- Task
Unless it is a picture, every line from the start of the entries through the line with "Миниатюрная палатка Trimm EAGLE, зеленый 3+1" must be retyped exactly.
*** Excerpted records
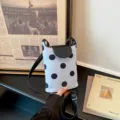 Fresh polka dot linen shoulder bag with black flap and strap, stylish daily casual bucket bag. - Blue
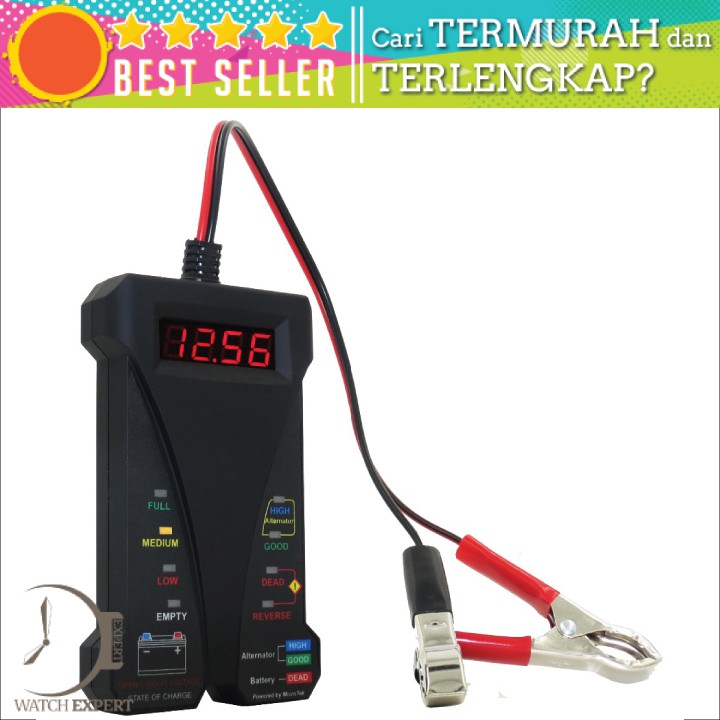 BISA COD Alat Cek Kondisi Aki Tester Baterai Digital Voltmeter Analyzer 12V - Motopower CNBJ-805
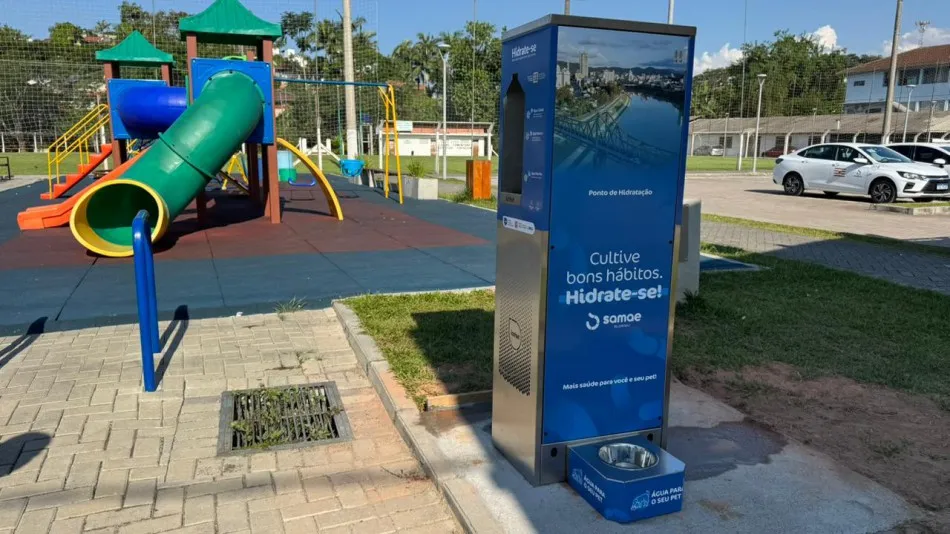 Blumenau ganha novos bebedouros inteligentes em praças e espaços públicos; veja onde ficam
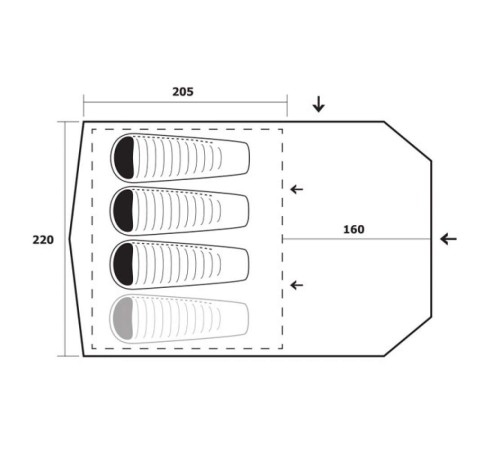 Миниатюрная палатка Trimm EAGLE, зеленый 3+1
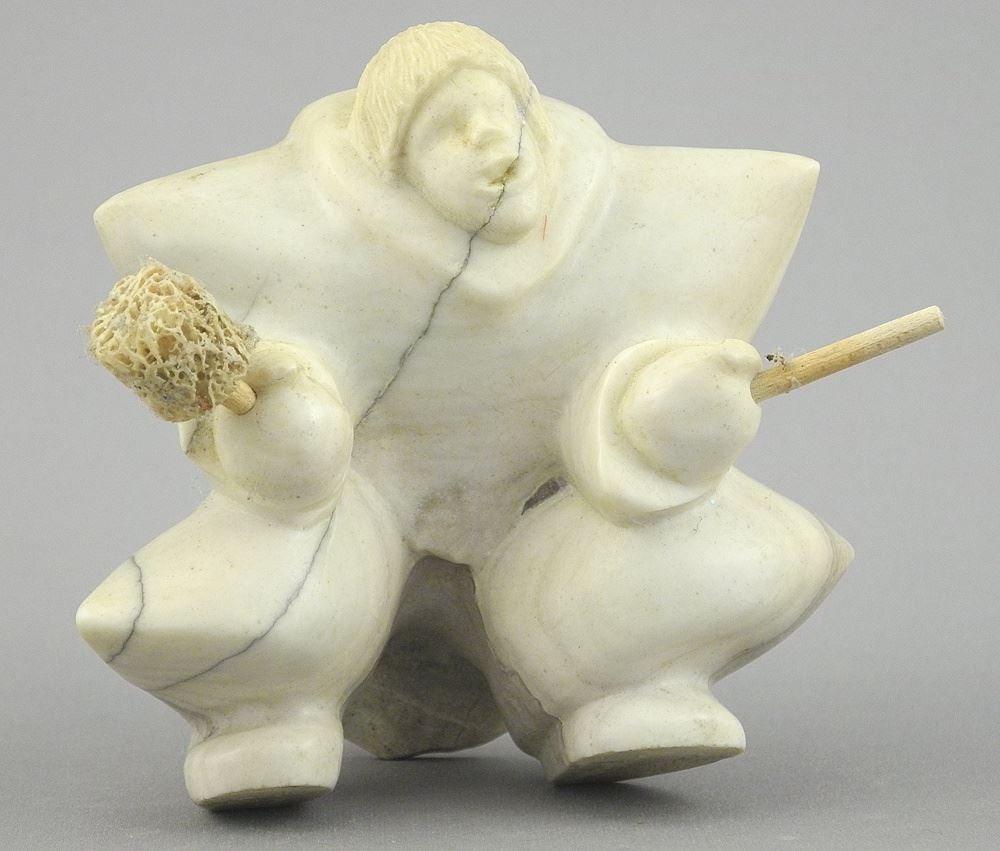 Inuit Stone "Drum Dancer" signed George Hitkolok Kugluktuk 2005, 3 1/8"h, CDN BIDDERS ONLY (1 of 3)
******
- Exercise response
 Fresh polka dot linen shoulder bag with black flap and strap, stylish daily casual bucket bag. - Blue
 BISA COD Alat Cek Kondisi Aki Tester Baterai Digital Voltmeter Analyzer 12V - Motopower CNBJ-805
 Blumenau ganha novos bebedouros inteligentes em praças e espaços públicos; veja onde ficam
 Миниатюрная палатка Trimm EAGLE, зеленый 3+1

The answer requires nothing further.